- Loumanagh Lamanaugh shown within Ireland
- Coordinates: 52°08′40″N 09°05′31″W﻿ / ﻿52.14444°N 9.09194°W
- Country: Ireland
- County: County Cork
- Barony: Duhallow
- Civil parish: Kilmeen

Area
- • Total: 299 ha (739 acres)

Population (2011)
- • Total: 138
- (Loumanagh North 36. Loumanagh South 102)

= Loumanagh =

Loumanagh, or Lamanaugh (Irish: An Lománach meaning "the bare marsh") is a townland situated in the west of Boherbue in north County Cork, Ireland.
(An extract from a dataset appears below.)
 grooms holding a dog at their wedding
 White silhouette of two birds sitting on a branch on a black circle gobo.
It is divided between Loumanagh North and Loumanagh South.

==History==
The road, which divides Loumanagh into north and south, was built in the 17th century to connect Kanturk to Killarney.
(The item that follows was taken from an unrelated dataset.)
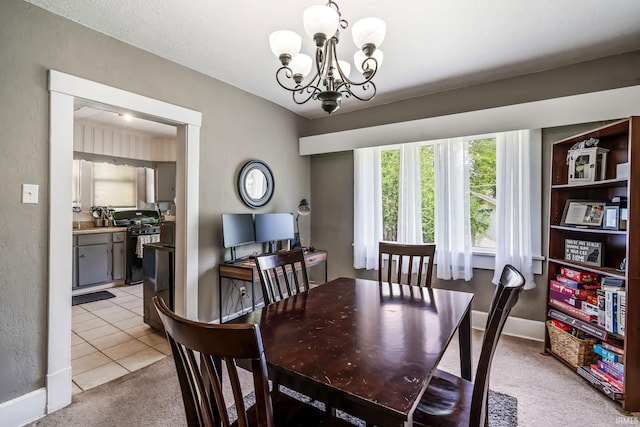 dining space with a chandelier, light tile patterned flooring, light colored carpet, a textured wall, and baseboards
Ancient and historical monuments in the townlands of Loumanagh North and Loumanagh South, as listed in the Record of Monuments and Places, include several ringforts, fulacht fiadh, and a burial ground.

==Location==
Loumanagh is located on a hillock west of Boherbue village towards Knocknagree. The townlands with which it shares borders are Gneeves and Derryleigh to the east, Ruhill to the north, Islandbrack to the west, and to the south is Knocknageeha and Lisheenafeela. Boherbue Presbytery is located on the eastern edge of Lamanaugh.